Since Shelby, a number of states and localities have passed laws eliminating reforms that increase turnout and, instead imposing new obstacles to the ballot box. This point is particularly clear with respect to the photo ID laws spreading like wildfire across the country: when obtaining an ID costs $75 to $175, those with less disposable income and transportation – people of color, seniors, students, veterans, and those with disabilities – are shut out of democracy.
As federal appeals Judge Richard Posner recently noted in dissenting from the 7th Circuit’s upholding of Wisconsin’s photo ID law, (later stayed by the Supreme Court) “There is only one motivation for imposing burdens on voting that are ostensibly designed to discourage voter-impersonation fraud, if there is no actual danger of such fraud, and that is to discourage voting by persons likely to vote against the party responsible for imposing the burdens.” If Judge Posner – one of the most conservative judges on the appeals bench – sees the discriminatory effect of these new laws, our elected representatives in Congress can’t afford not to respond. The restrictive laws passed in North Carolina, Texas, Ohio, and elsewhere in recent years have depressed turnout by people of color, as noted by the Government Accountability Office. Unless these practices are reined in by an overseeing body, they will surely continue. Indeed, these discriminatory proposals are already popping up as state legislatures across the country convene for 2015.

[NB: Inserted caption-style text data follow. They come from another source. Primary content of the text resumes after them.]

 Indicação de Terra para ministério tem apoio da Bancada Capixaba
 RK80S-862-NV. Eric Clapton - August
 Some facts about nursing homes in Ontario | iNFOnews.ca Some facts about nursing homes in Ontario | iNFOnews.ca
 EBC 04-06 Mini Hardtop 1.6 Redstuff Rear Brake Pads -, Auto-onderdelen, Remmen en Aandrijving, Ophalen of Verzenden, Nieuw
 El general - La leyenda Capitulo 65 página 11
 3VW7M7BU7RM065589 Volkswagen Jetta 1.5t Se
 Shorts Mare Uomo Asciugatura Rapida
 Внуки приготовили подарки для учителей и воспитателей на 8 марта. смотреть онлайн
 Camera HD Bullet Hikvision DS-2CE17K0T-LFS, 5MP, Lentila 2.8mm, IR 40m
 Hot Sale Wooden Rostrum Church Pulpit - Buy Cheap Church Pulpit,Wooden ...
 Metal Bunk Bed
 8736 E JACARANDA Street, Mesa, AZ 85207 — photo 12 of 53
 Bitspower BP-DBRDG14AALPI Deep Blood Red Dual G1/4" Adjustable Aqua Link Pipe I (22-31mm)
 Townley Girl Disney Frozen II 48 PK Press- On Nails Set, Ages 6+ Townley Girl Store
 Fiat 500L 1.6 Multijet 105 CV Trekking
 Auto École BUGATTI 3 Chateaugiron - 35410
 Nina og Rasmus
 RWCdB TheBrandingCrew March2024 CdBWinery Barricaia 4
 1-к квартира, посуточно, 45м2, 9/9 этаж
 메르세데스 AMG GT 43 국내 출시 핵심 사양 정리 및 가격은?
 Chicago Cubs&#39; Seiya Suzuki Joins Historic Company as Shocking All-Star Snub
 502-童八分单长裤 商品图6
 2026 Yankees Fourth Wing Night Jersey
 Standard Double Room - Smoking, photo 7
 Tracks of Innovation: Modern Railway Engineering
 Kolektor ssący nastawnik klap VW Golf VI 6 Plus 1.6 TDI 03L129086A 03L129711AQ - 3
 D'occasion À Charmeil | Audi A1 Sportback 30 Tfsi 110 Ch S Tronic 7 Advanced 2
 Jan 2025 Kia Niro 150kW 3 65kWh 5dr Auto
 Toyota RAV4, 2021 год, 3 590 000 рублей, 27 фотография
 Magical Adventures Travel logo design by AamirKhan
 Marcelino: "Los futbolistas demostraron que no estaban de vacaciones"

Rep. Goodlatte also would be well advised to consult with his party colleague, Wisconsin Rep. Jim Sensenbrenner. Sensenbrenner, along with House Democrats and 10 other House Republicans, saw the need last year to restore the Voting Rights Act through legislation with a more modern, and flexible approach, that comports with the Supreme Court’s instructions in Shelby County. It’s the sort of legislation we need to prevent further anti-voter laws from taking hold before the next election.
Goodlatte might also want to review his own record. In 2006, he and most of his Republican colleagues in the House (and every Senate Republican), voted to reauthorize the law. Once it passed both chambers, then-President George W. Bush, also a Republican, thanked congressional members for their work and signed it into law. What a different landscape we see today.
As we celebrate the life of Dr. Martin Luther King, who dedicated himself to ensuring that all eligible Americans had equal access to the ballot box and an equal say in how this country is run – we ask our Representatives and Senators to revisit the matter. Constituents can tell them about the discrimination that persists in their home states. Rep. Goodlatte need only turn on the television to see the hundreds of thousands of Americans who have been marching to declare that “Black lives matter” and that we can’t tolerate anyone being treated as a second-class citizen.
Our current Congress must follow the example of its predecessors and as a matter of morality and not just politics as usual, reinvigorate the Voting Rights Act. “For this Nation to remain true to its principles, we cannot allow any American’s vote to be denied, diluted, ore defiled. The right to vote is the crown jewel of American liberties, and we will not see its luster diminished,” a famous American once declared. Those words could very well have come from Dr. King. But they didn’t – they were Ronald Reagan’s.